Disease Control and Prevention Center, National Center for Global Health and Medicine, 1-21-1 Toyama, Shinjuku-ku, Tokyo, 162-8655, Japan.
Disease Control and Prevention Center, National Center for Global Health and Medicine, 1-21-1 Toyama, Shinjuku-ku, Tokyo, 162-8655, Japan; AMR Clinical Reference Center, National Center for Global Health and Medicine, 1-21-1 Toyama, Shinjuku-ku, Tokyo, 162-8655, Japan.
J Infect Chemother. 2021 Jul;27(7):1043-1050. doi: 10.1016/j.jiac.2021.04.008. Epub 2021 Apr 12.
Most of the currently used prognostic models for COVID-19 are based on Western cohorts, but it is unknown whether any are applicable to patients with COVID-19 in Japan.

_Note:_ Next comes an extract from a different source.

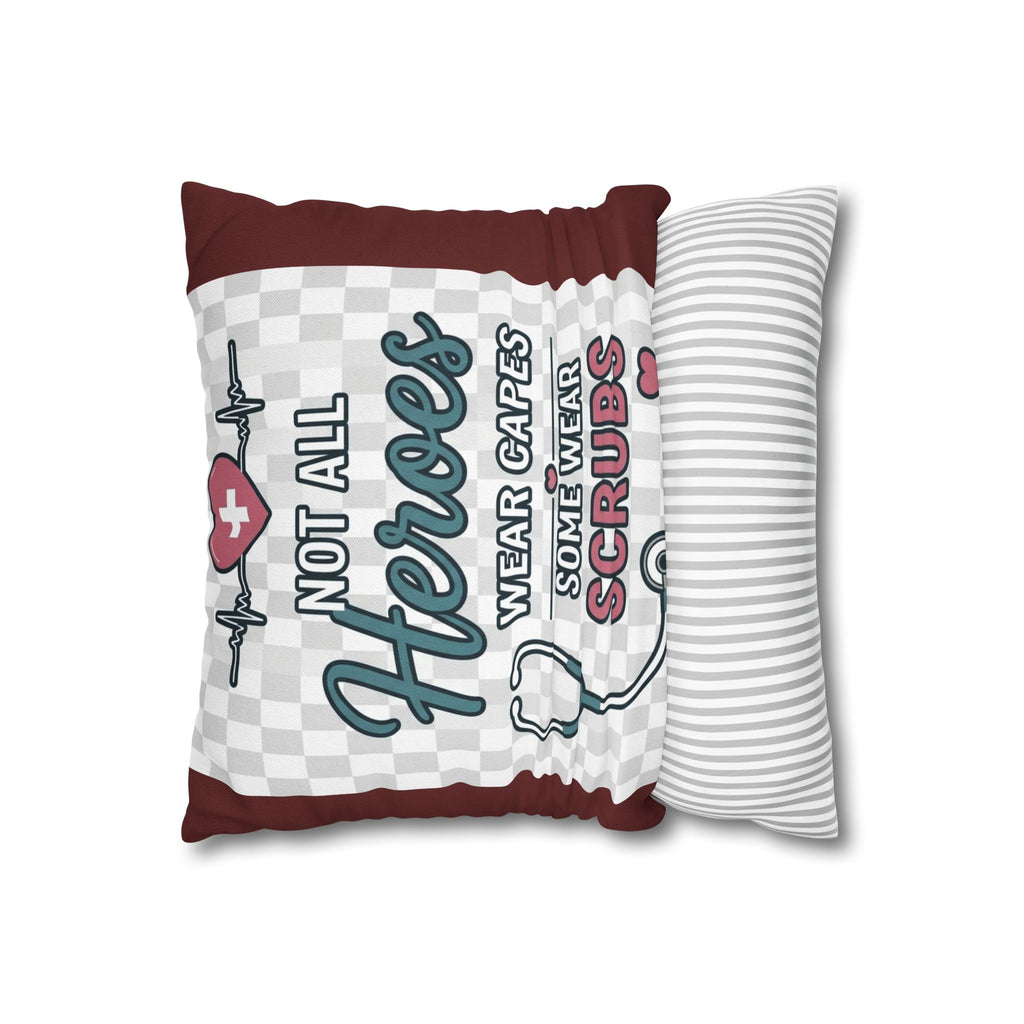 Nurse Appreciation Pillow - "Not All Heroes Wear Capes, Some Wear Scrubs" Square Throw Pillow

This retrospective cohort study included 160 patients with COVID-19 who were admitted to the National Center for Global Health and Medicine between January 26, 2020 and July 25, 2020. We searched PubMed for prognostic models for COVID-19. The predicted outcome was initiation of respiratory support or death. Performance of the candidate models was evaluated according to discrimination and calibration. We recalibrated the intercept of each model with our data. We also updated each model by adding β2-microglobulin (β2MG) to the model and recalculating the intercept and the coefficient of β2MG.
Mean patient age was 49.8 years, 68% were male, 88.7% were Japanese. The study outcomes occurred in 15 patients, including two deaths. Two-hundred sixty-nine papers were screened, and four candidate prognostic models were assessed. The model of Bartoletti et al. had the highest area under receiver operating characteristic curve (AUC) (0.88; 95% confidence interval 0.81-0.96). All four models overestimated the probability of occurrence of the outcome. None of the four models showed statistically significant improvement in AUCs by adding β2MG.
Our results suggest that the existing prediction models for COVID-19 overestimate the probability of occurrence of unfavorable outcomes in a Japanese cohort. When applying a prediction model to a different cohort, it is desirable to evaluate its performance according to the prevalent health situation in that region.
目前用于 COVID-19 的大多数预后模型都是基于西方队列的,但尚不清楚这些模型中是否有任何一个适用于日本的 COVID-19 患者。
本回顾性队列研究纳入了 2020 年 1 月 26 日至 2020 年 7 月 25 日期间入住国立全球卫生与医学研究中心的 160 例 COVID-19 患者。我们在 PubMed 上检索 COVID-19 的预后模型。预测结果为开始呼吸支持或死亡。根据判别和校准评估候选模型的性能。我们用我们的数据重新校准每个模型的截距。我们还通过向模型中添加β2-微球蛋白(β2MG)并重新计算截距和β2MG 的系数来更新每个模型。
患者平均年龄为 49.8 岁,68%为男性,88.7%为日本人。研究结果发生在 15 例患者中,包括 2 例死亡。筛选出 269 篇论文,并评估了四个候选预后模型。Bartoletti 等人的模型具有最高的接受者操作特征曲线(AUC)(0.88;95%置信区间 0.81-0.96)。所有四个模型都高估了不良结局发生的概率。在添加β2MG 后,四个模型的 AUC 均无统计学显著改善。
我们的结果表明,现有的 COVID-19 预测模型高估了日本队列中不良结局发生的概率。当将预测模型应用于不同的队列时,根据该地区的流行健康状况评估其性能是可取的。